▸ **What is expected**
Your answer must be an exact copy of the listing that follows, with all pictures omitted.
BEGIN Data excerpt
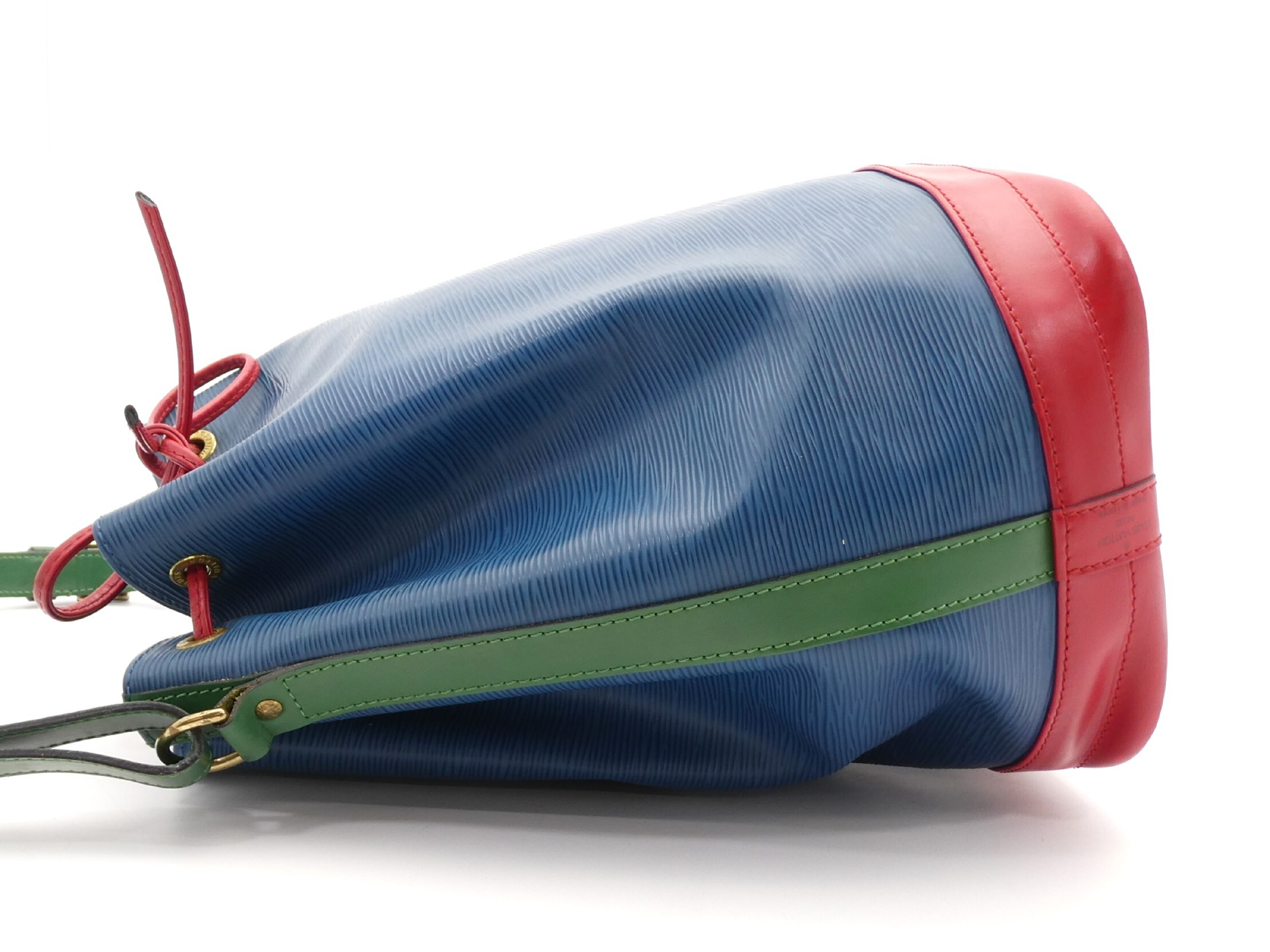 Epi Noé Tricolor Shoulder Bag — view 3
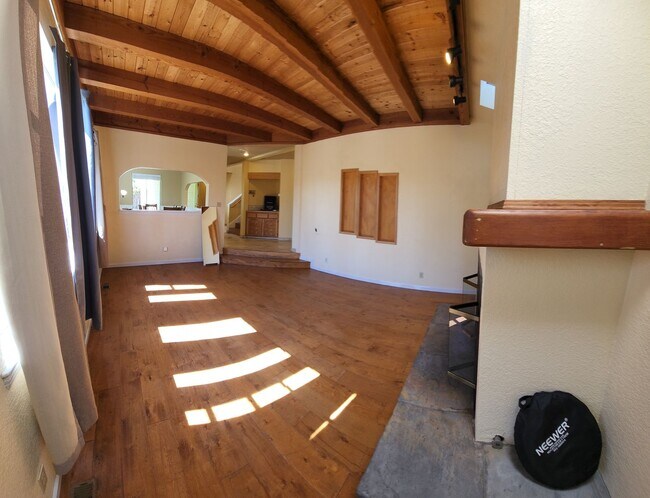 Building Photo - 5 Bedroom 3 Bath close to Poly, hiking and shopping!!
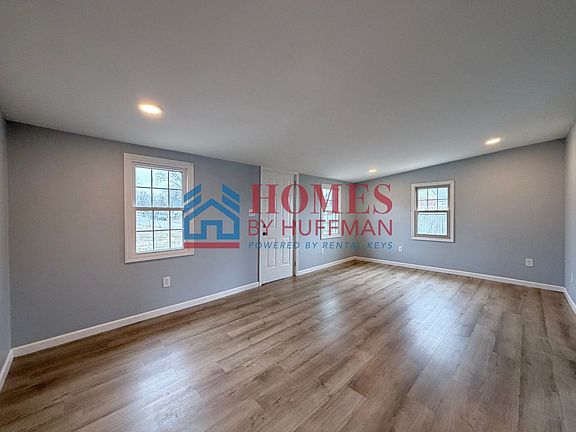 3rd image of 425 E Parkland Ave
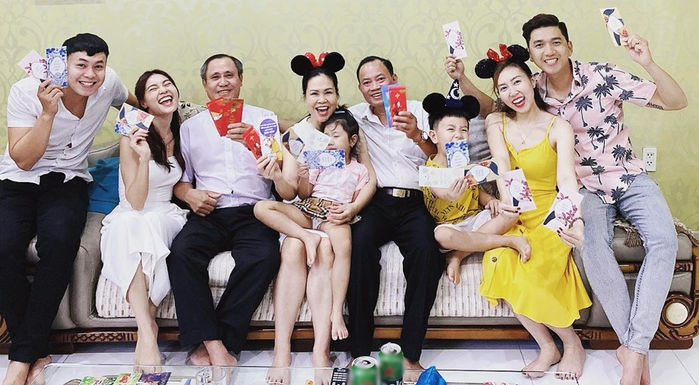 Những bức ảnh sum họp gia đình ngày Tết của sao Việt gây sốt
END Data excerpt
▸ **Task response**
 Epi Noé Tricolor Shoulder Bag — view 3
 Building Photo - 5 Bedroom 3 Bath close to Poly, hiking and shopping!!
 3rd image of 425 E Parkland Ave
 Những bức ảnh sum họp gia đình ngày Tết của sao Việt gây sốt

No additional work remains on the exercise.